__EXERCISE INSTRUCTIONS__
Once the line holding "Early road accident, B4086, Radway, 1889" is found in the entries below, transcribe exactly every line up to and including the one holding "Agan Traders 2025", but leave out the pictures.

__INFORMATION__
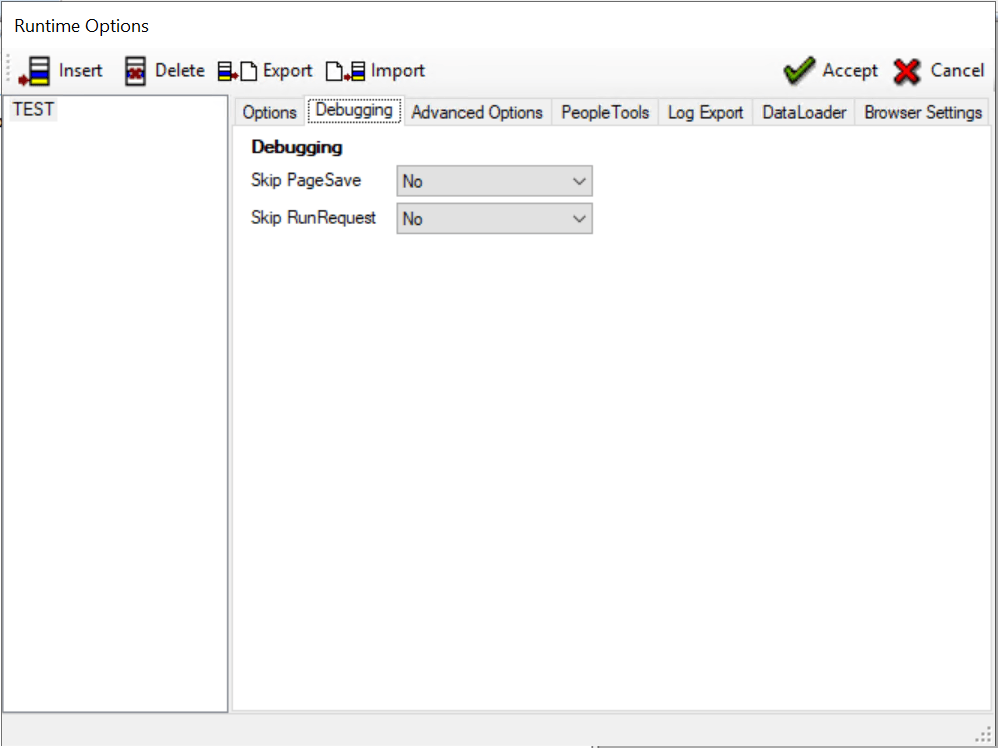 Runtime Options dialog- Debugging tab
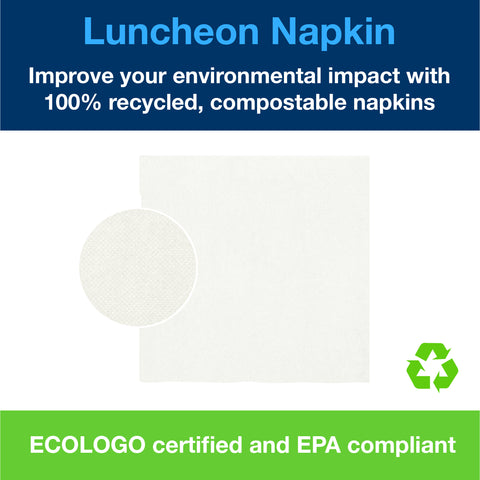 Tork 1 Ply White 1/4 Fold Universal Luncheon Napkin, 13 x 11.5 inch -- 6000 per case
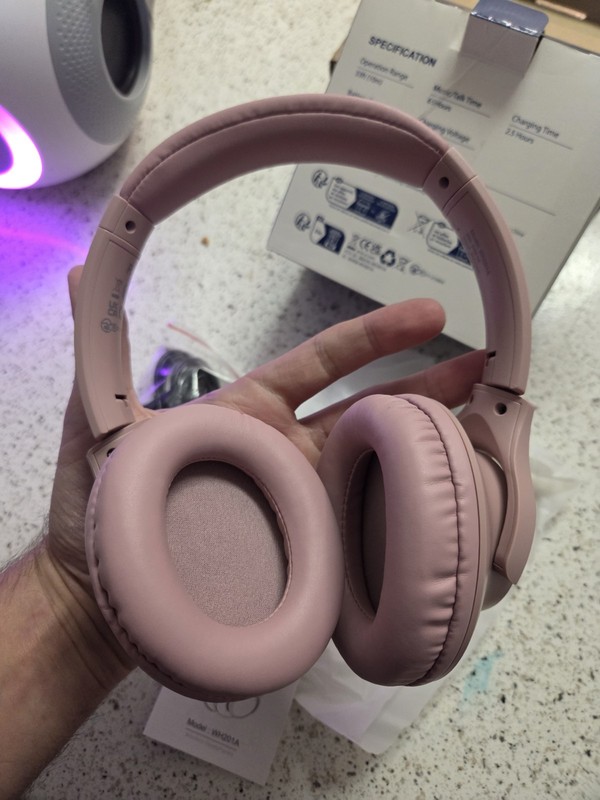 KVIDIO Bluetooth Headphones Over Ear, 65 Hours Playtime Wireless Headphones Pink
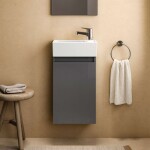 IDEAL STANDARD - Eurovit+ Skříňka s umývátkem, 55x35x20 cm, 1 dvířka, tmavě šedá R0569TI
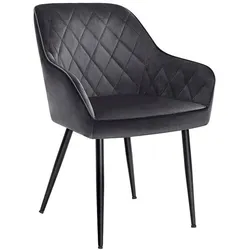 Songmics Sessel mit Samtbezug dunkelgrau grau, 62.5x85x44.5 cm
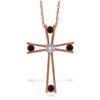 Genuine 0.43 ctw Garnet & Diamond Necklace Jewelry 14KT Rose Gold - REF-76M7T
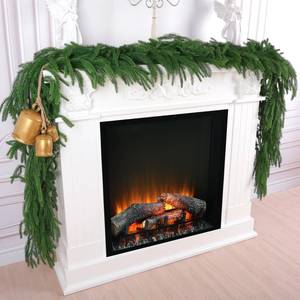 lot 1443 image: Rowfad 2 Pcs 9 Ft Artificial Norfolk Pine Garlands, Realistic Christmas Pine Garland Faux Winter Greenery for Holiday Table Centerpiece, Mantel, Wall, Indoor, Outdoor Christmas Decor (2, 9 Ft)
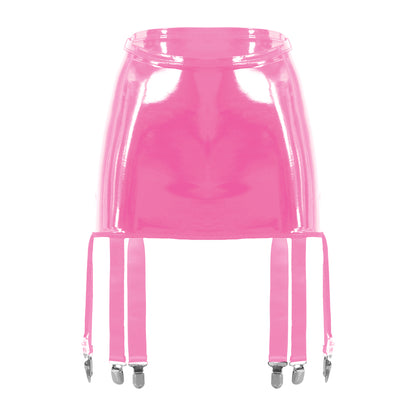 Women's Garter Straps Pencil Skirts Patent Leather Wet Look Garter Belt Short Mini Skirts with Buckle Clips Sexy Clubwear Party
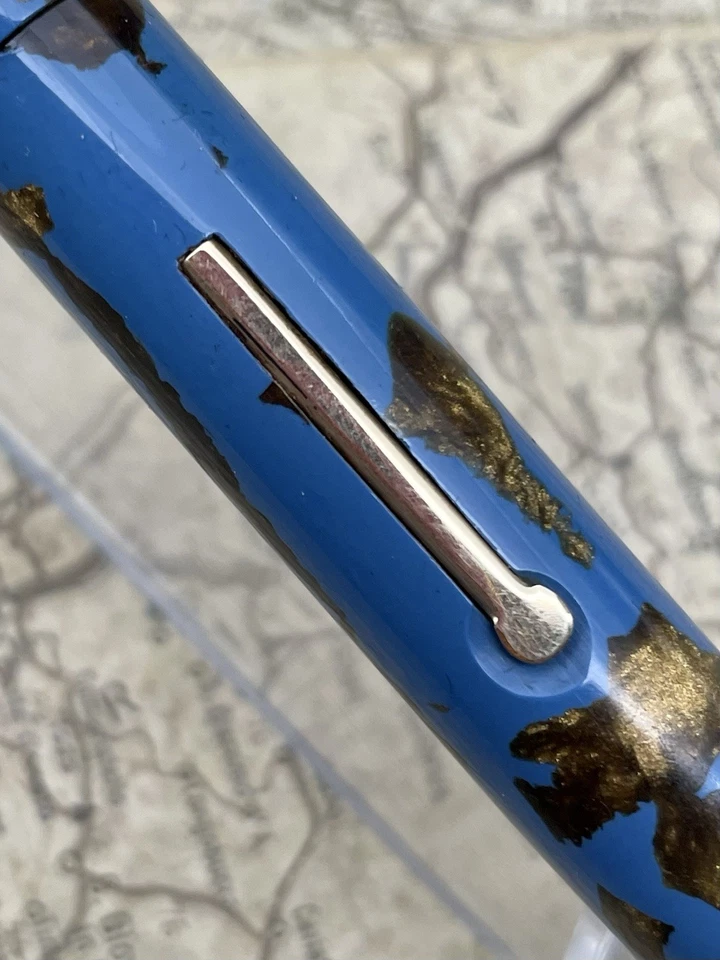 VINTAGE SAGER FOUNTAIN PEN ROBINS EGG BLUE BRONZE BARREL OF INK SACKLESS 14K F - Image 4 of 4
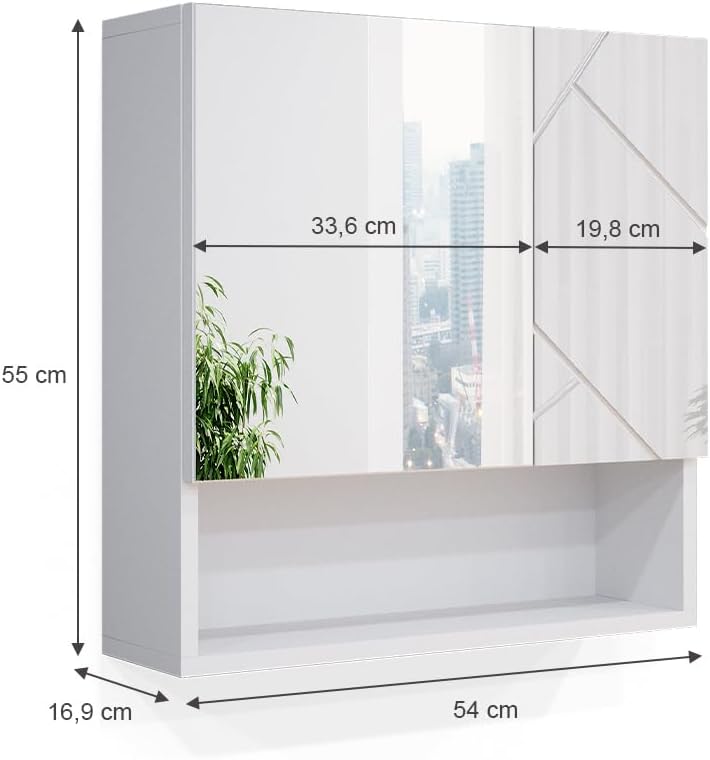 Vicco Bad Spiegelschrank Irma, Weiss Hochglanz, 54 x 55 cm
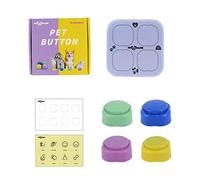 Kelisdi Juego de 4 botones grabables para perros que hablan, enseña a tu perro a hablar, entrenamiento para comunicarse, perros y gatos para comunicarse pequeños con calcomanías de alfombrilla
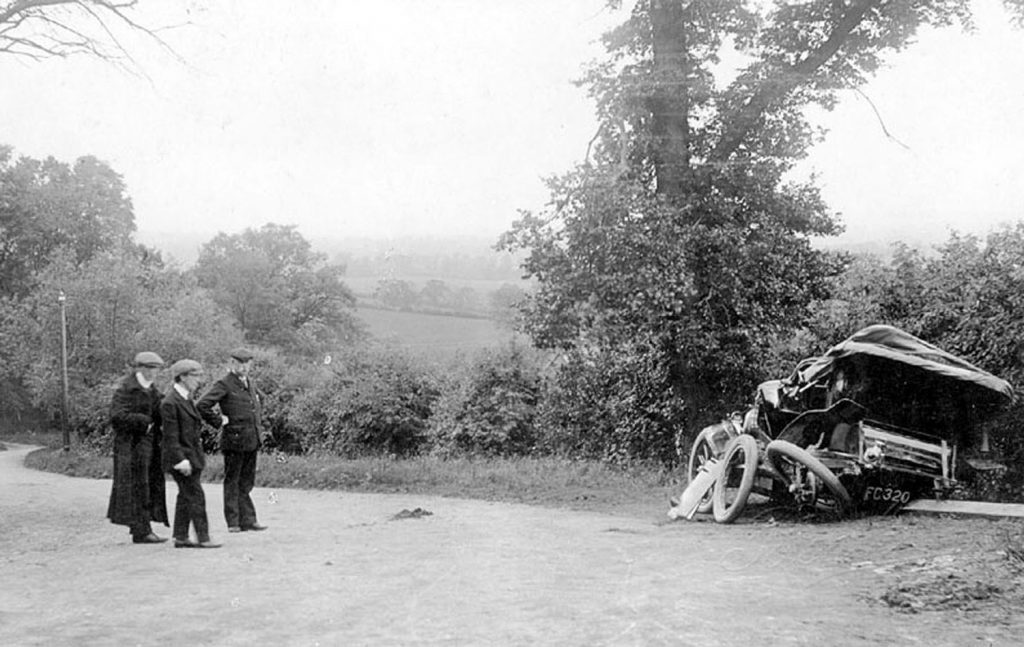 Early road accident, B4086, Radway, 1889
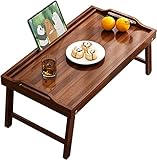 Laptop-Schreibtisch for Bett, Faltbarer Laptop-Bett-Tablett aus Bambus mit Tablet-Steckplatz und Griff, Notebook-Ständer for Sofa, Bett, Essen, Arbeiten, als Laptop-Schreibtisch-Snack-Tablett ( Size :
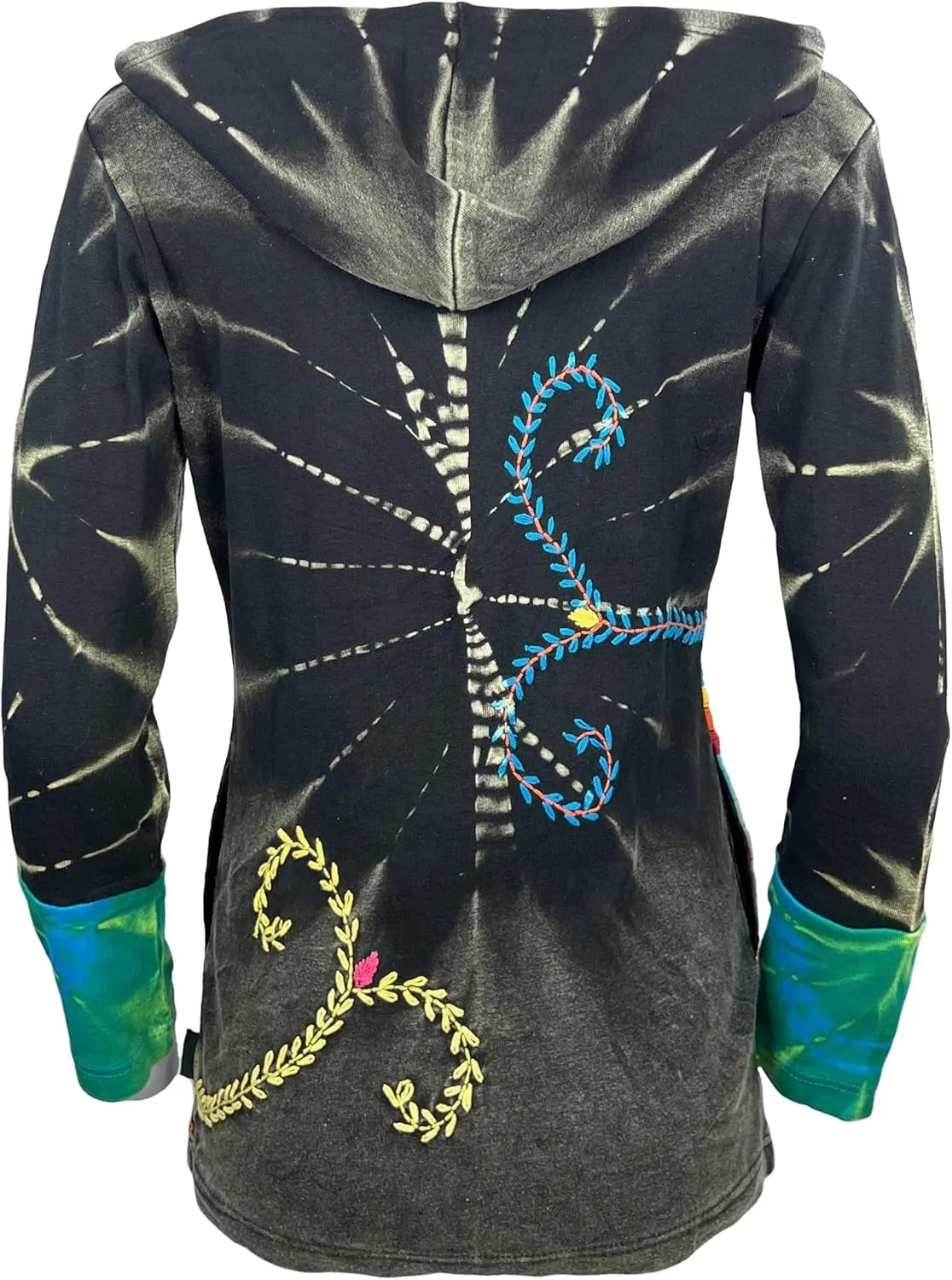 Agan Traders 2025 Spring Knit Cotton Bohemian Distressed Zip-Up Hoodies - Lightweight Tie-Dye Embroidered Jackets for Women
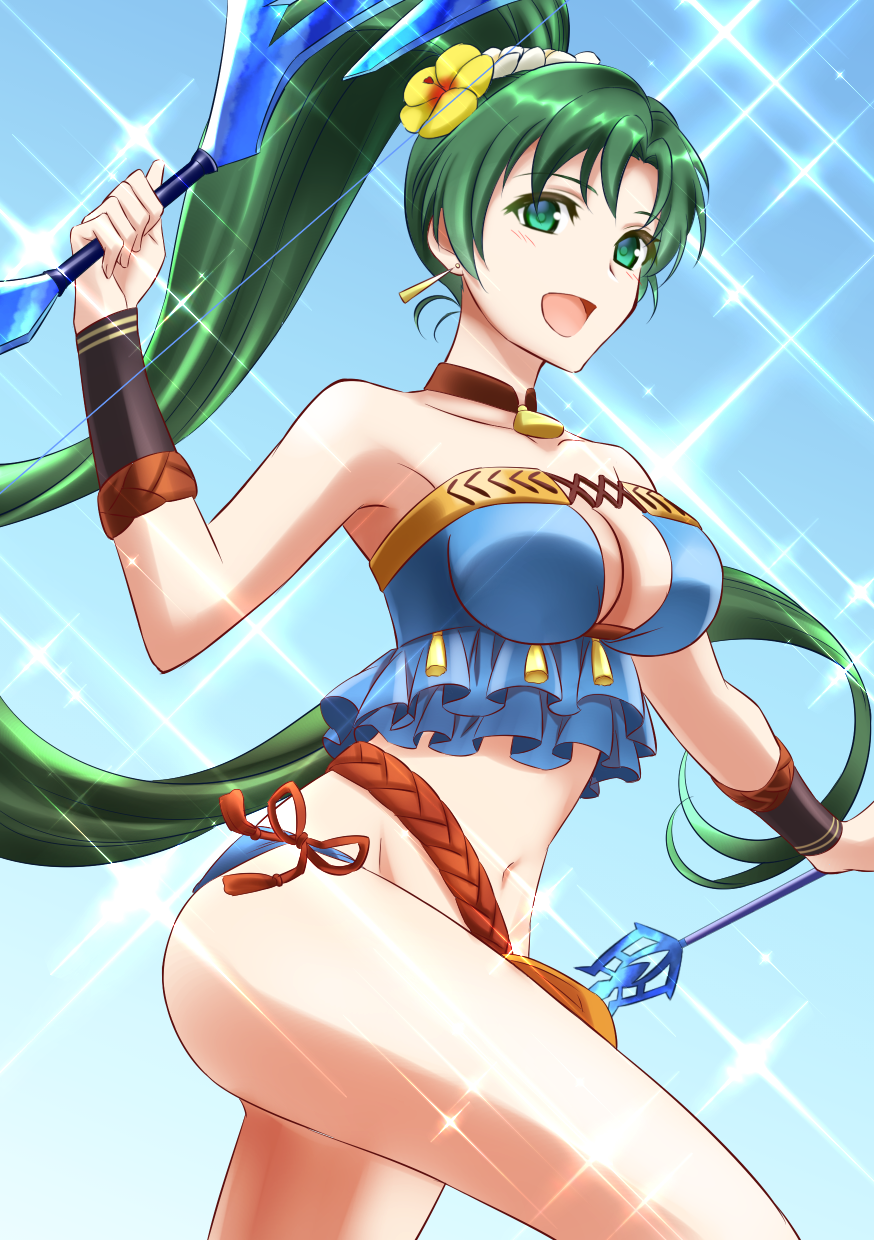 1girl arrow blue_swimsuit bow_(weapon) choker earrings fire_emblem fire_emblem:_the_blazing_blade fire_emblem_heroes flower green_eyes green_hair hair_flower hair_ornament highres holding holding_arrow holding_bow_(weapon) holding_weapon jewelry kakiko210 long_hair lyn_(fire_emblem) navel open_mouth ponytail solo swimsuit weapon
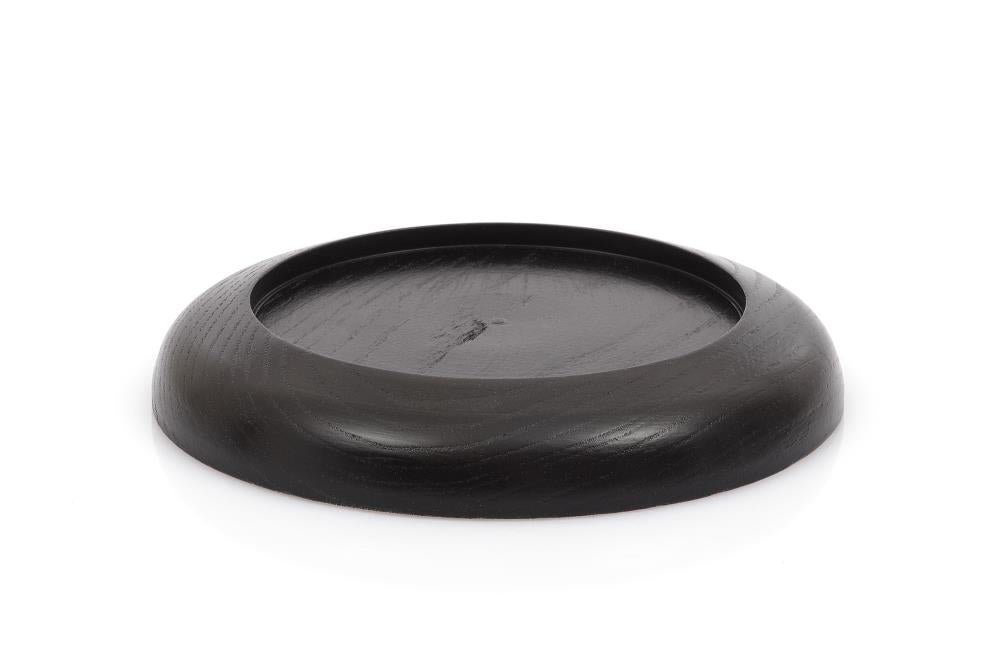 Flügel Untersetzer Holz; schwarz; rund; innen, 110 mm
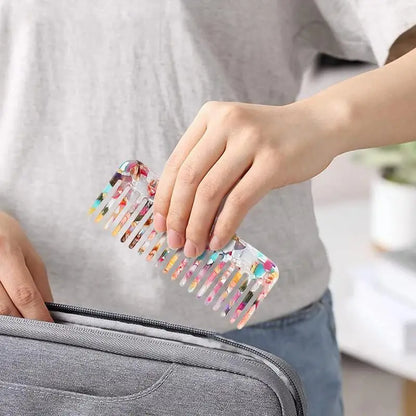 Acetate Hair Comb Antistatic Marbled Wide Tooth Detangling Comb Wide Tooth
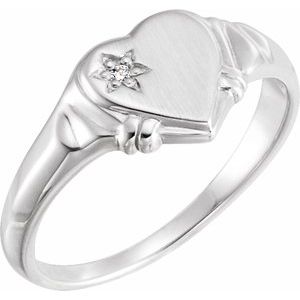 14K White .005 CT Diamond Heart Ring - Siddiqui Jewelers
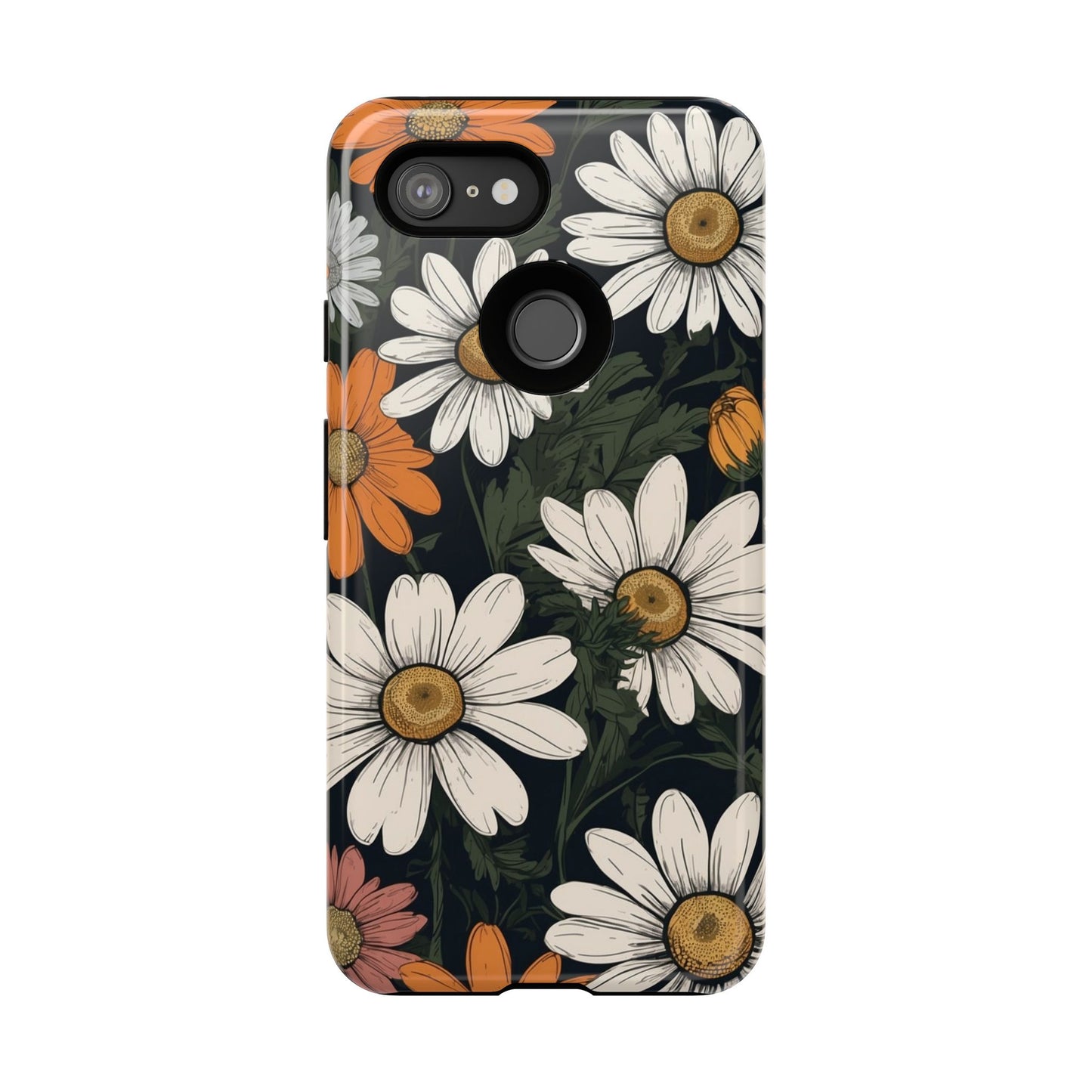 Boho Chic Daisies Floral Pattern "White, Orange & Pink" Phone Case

__YOUR RESPONSE__
 Early road accident, B4086, Radway, 1889
 Laptop-Schreibtisch for Bett, Faltbarer Laptop-Bett-Tablett aus Bambus mit Tablet-Steckplatz und Griff, Notebook-Ständer for Sofa, Bett, Essen, Arbeiten, als Laptop-Schreibtisch-Snack-Tablett ( Size :
 Agan Traders 2025 Spring Knit Cotton Bohemian Distressed Zip-Up Hoodies - Lightweight Tie-Dye Embroidered Jackets for Women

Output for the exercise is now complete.